I write about the business and economics of sports with a background that most sports writers do not have. Before I started Beyond the Box Score I spent years in accounting and finance doing due diligence work, family office accounting, and private equity analysis. That training shapes how I approach every story.
When I cover a stadium deal I know how to read the financing structure. When I cover a labor negotiation I understand the cap mechanics. When I write about franchise valuations I have actually worked inside that kind of financial analysis. That combination of sports knowledge and financial literacy is the angle I bring to every piece.

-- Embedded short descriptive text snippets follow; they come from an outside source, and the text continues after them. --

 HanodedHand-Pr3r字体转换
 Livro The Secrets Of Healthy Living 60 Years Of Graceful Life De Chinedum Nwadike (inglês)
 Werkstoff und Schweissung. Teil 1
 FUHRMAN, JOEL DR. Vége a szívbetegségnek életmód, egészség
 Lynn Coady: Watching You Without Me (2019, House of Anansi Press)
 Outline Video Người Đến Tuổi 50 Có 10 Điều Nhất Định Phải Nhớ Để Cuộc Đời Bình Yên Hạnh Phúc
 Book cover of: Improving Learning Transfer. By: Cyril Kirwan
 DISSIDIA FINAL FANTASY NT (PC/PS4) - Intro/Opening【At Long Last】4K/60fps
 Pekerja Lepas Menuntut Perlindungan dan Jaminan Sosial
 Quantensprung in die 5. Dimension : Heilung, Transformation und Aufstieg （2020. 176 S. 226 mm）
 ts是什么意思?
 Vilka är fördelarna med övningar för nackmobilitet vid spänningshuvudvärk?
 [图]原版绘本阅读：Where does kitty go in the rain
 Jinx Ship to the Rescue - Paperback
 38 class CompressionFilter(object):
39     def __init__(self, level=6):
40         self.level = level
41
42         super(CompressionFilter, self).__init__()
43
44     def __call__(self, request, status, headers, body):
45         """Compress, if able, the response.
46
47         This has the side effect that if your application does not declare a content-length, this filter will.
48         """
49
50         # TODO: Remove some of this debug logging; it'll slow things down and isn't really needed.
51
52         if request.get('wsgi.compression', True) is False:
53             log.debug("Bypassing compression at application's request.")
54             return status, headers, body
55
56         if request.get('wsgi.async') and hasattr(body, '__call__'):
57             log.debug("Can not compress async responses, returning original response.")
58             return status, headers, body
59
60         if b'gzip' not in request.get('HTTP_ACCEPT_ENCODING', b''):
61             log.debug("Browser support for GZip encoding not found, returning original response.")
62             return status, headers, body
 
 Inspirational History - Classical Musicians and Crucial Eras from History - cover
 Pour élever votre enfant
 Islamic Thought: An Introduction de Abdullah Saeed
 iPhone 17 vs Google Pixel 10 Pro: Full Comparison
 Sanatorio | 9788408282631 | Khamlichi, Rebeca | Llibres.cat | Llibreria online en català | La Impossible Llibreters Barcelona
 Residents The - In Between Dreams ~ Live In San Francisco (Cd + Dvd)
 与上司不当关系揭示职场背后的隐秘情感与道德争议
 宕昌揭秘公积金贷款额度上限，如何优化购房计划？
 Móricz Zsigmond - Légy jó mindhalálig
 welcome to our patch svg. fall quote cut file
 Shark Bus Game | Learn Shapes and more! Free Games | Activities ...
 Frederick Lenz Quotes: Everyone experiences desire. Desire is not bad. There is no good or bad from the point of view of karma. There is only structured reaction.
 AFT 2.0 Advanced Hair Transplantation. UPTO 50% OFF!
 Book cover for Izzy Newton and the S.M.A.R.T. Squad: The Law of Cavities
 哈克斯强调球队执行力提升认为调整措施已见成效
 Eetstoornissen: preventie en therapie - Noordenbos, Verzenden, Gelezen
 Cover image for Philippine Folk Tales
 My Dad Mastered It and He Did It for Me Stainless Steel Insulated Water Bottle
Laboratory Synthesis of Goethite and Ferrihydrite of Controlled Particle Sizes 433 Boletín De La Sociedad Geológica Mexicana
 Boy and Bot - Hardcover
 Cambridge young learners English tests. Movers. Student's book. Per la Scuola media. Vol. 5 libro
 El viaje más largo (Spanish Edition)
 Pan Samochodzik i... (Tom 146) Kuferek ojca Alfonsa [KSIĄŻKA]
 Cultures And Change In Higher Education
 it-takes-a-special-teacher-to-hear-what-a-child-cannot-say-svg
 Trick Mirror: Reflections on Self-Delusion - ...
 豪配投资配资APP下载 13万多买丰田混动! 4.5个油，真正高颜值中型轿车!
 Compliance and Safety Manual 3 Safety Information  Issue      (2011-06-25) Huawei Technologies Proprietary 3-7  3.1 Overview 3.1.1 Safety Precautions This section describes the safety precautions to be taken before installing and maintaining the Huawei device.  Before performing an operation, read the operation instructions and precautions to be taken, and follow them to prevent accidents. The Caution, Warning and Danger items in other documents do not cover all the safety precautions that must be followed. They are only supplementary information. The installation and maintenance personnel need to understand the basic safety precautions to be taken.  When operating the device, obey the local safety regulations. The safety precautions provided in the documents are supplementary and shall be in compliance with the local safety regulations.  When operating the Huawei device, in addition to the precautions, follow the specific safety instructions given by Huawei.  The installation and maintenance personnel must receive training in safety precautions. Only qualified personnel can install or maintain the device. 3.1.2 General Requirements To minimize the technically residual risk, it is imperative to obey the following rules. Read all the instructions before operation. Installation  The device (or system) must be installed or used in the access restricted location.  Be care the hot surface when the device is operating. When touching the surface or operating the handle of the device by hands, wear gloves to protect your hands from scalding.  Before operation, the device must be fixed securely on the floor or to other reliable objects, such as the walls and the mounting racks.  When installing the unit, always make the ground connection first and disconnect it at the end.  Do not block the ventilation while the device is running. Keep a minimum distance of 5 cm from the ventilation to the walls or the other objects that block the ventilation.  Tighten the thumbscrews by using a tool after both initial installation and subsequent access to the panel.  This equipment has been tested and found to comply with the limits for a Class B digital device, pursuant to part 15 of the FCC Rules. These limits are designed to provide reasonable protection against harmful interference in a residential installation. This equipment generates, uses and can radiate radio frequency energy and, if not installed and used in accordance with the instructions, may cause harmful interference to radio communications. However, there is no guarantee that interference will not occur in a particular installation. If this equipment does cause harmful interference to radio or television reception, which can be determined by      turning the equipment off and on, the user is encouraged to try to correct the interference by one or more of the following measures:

I cover the NFL, NBA, MLB, College Football, College Basketball, Minor League Baseball, and Pickleball. My strongest categories are sports labor and economics, franchise business models, and historical narratives that connect the past to the present financial structure of a sport.
Franchise Economics
Valuations, ownership structures, stadium financing, media rights deals, and private equity entry into professional sports.
Labor and Players Rights
CBA negotiations, salary cap mechanics, NIL policy, minor league wages, and the history of how players got the rights they have.
Media and Broadcast
Streaming wars, broadcast rights deals, the scarcity economics of live sports, and what the next media cycle looks like for each league.
Sports History
Historical narratives with a financial or economic lens. The business decisions and labor fights that shaped what the sports landscape looks like today.
What I Do Not Write
Game recaps, play-by-play analysis, fantasy sports content, or takes designed for clicks over substance. I write reported pieces with a clear argument and real research behind them. If you need volume content I am probably not the right fit. If you need a finance-trained voice that can make sports economics readable for a general audience I am exactly the right fit.